Fitch Ratings has affirmed the ‘AA-‘ (AA minus) Insurer Financial Strength ratings of Insurance Australia Group Limited’s main underwriting subsidiaries, Insurance Australia Limited and IAG New Zealand Limited. The outlook for the ratings is stable.
Fitch said that the affirmation reflects a good level of business diversity and scale in the group’s underwriting operations. IAG’s net profit after tax grew by 14% to AUD760 million in FY05 from AUD665m in FY04 (H106: AUD461m), although Fitch notes that IAG’s premium growth appears to be moderating in the face of more intense competitive pressure.

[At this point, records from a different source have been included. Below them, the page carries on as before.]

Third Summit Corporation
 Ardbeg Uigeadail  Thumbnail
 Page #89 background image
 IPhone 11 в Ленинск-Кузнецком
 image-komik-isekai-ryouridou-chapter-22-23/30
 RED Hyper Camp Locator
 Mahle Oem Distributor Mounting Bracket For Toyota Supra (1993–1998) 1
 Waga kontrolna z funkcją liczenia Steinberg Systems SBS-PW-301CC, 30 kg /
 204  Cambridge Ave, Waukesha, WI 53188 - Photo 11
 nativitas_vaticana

Currently, however, the negative affect is offset by strong underwriting and investment performance. IAG’s insurance profit – underwriting profit plus investment income from technical reserves – increased 26% to AUD1.0 billion in FY05 from AUD792m in FY04 (H106: AUD469m), while at the same time, investment income from shareholders’ funds (around 72% invested in growth assets) increased 10% to AUD479m in FY05 from AUD434m in FY04 (H106: AUD345m).
IAG’s reserving approach remains conservative, with the group reserving to a probability of sufficiency of at least 90%. Fitch notes that positive reserve development continued in FY05 and due to the tort law reforms in Australia, IAG is reserving with a greater degree of certainty, particularly for its third-party motor liability business. Based on regulatory measures, IAG is satisfactorily capitalised. Furthermore, IAG’s reinsurance programme is extensive, with more than two-thirds of counterparties being rated ‘AA’ or above.
In Australia, the operating environment is relatively stable due to tort law reforms and increased regulatory oversight, and while Fitch expects IAG to continue to focus on maximising shareholder returns, it does not foresee IAG compromising its conservative reserving approach. From a business perspective, the agency notes that the Australian market appears to offer only limited organic growth opportunities and further downward rate pressure on Australian commercial lines is likely.
While recent investments in parts of Asia offer growth potential, Fitch said it is also worth noting that IAG is investing in countries with less developed legal, reporting and governance frameworks and it does not always have a controlling interest.